“NIST promotes U.S. innovation and industrial competitiveness by advancing measurement science, standards, and technology” – so says the NIST web site. NIST has had a successful history of being involved in advanced computing. For example, NIST Special Publication 800-53 has become the foundation of essentially all cybersecurity plans for advanced computing facilities in the public sector. NIST definitions for cloud computing rendered inchoate hype into what was at least a set of clear concepts. There are tremendous needs and opportunities for NIST in advanced computing, in both high performance computing and big data computing. We are approaching the 30th anniversary of the High Performance Computing Act. Things are very different now and changing rapidly. This talk will be heavy on opinions based on decades of experience in advanced computing and will provide the perspective of one person who has had a career in research and development that was absolutely dependent upon the services of NIST. Provocative and hopefully interesting topics will be presented for discussion.
Dr. Craig A. Stewart
Dr.
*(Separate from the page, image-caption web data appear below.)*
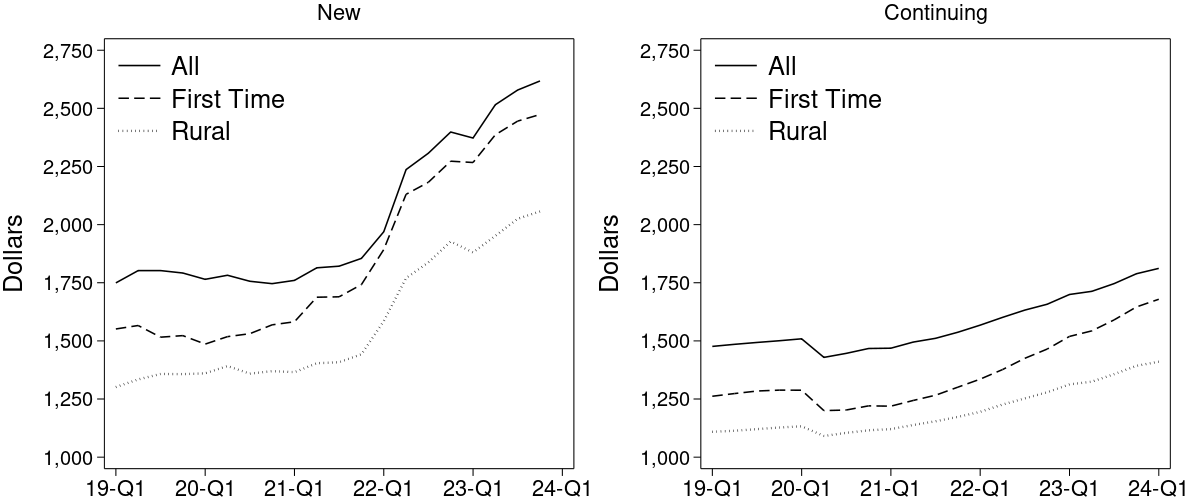 Figure 3: Average Required Monthly Payment for Rural Borrowers and First-Time Homebuyers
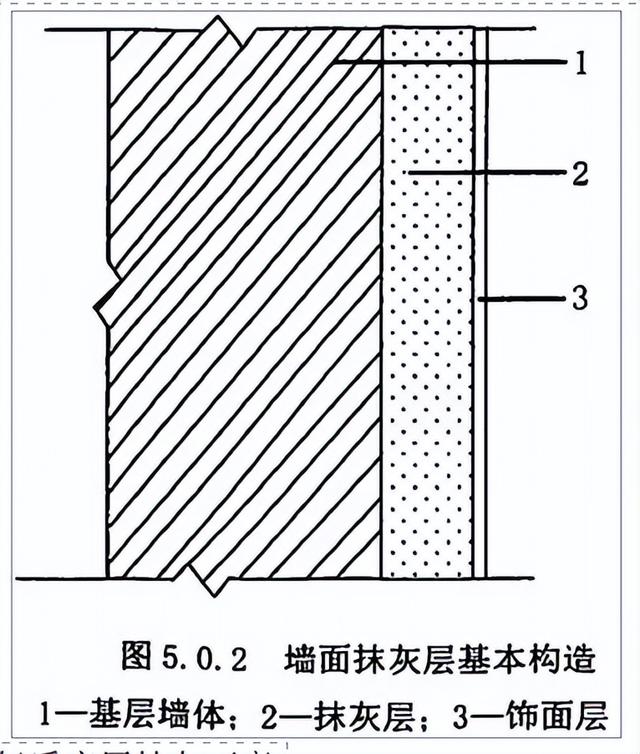 玻璃上为什么贴米字，玻璃贴米字有什么用（建筑抹灰石膏系列知识要点）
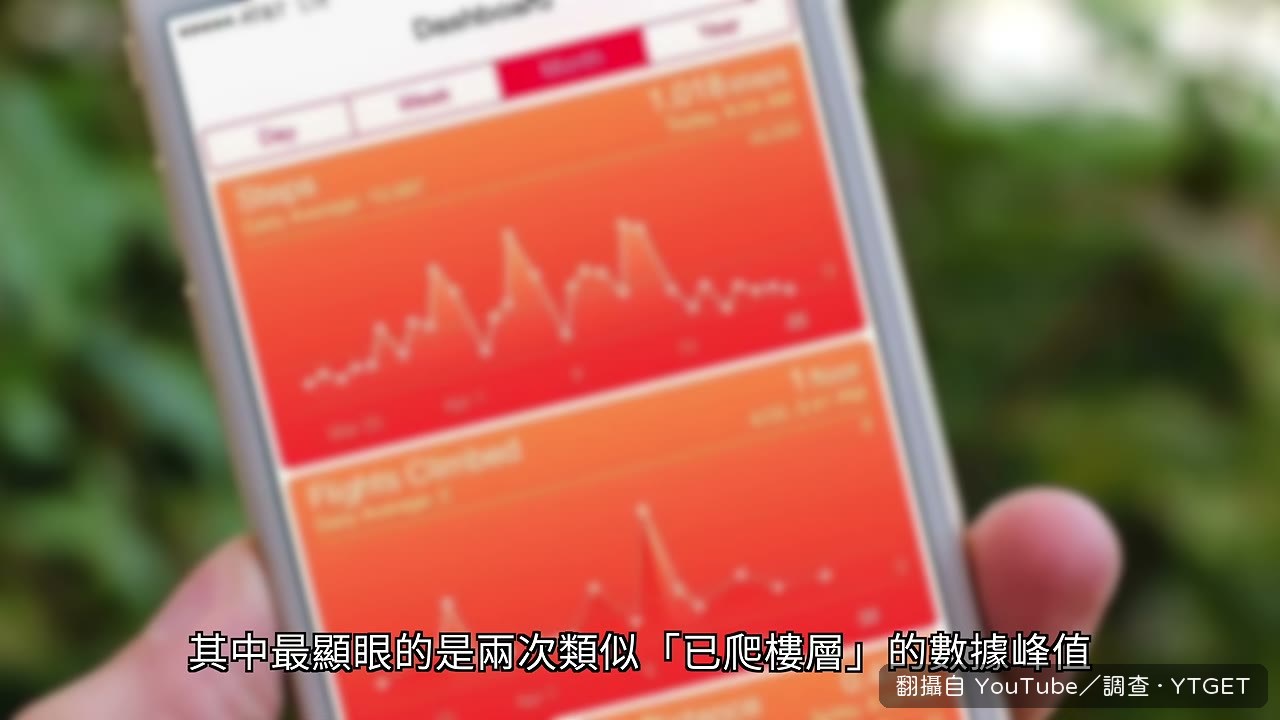 健康 App 的爬樓層數據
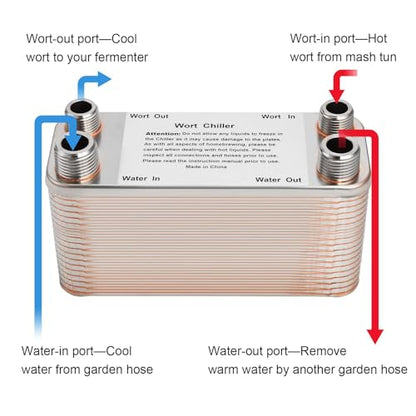 Wort Chiller 40 Plates, Brazed Plate Copper Heat Exchanger for Homebrew, Stainless Steel 7.5" x 2.9" Plate, 1/2 & 3/4 NPT Thread Connection Hot Liquid Accelerated Cooler Quick Beer Cooling System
Stewart is a leading innovator and strategist in advanced computing and cyberinfrastructure for research and development. Dr. Stewart is currently the Executive Director of the Indiana University Pervasive Technology Institute (IU_PTI). IU_PTI is Indiana University’s flagship organization for research and development in cyberinfrastructure, informatics, and computer science in support of science and engineering research, artistic creativity, and cybersecurity. Stewart’s personal research focus is in advanced computing architectures – particularly the optimal use and mix of high performance computing, cloud computing to solve challenging problems in data analysis and simulation. Stewart is one of the top researchers in the world on the topic of return on investment in advanced cyberinfrastructure. Stewart was the founding PI of Jetstream, the first cloud computing system funded by the National Science Foundation for production use by the general science and engineering community of the US.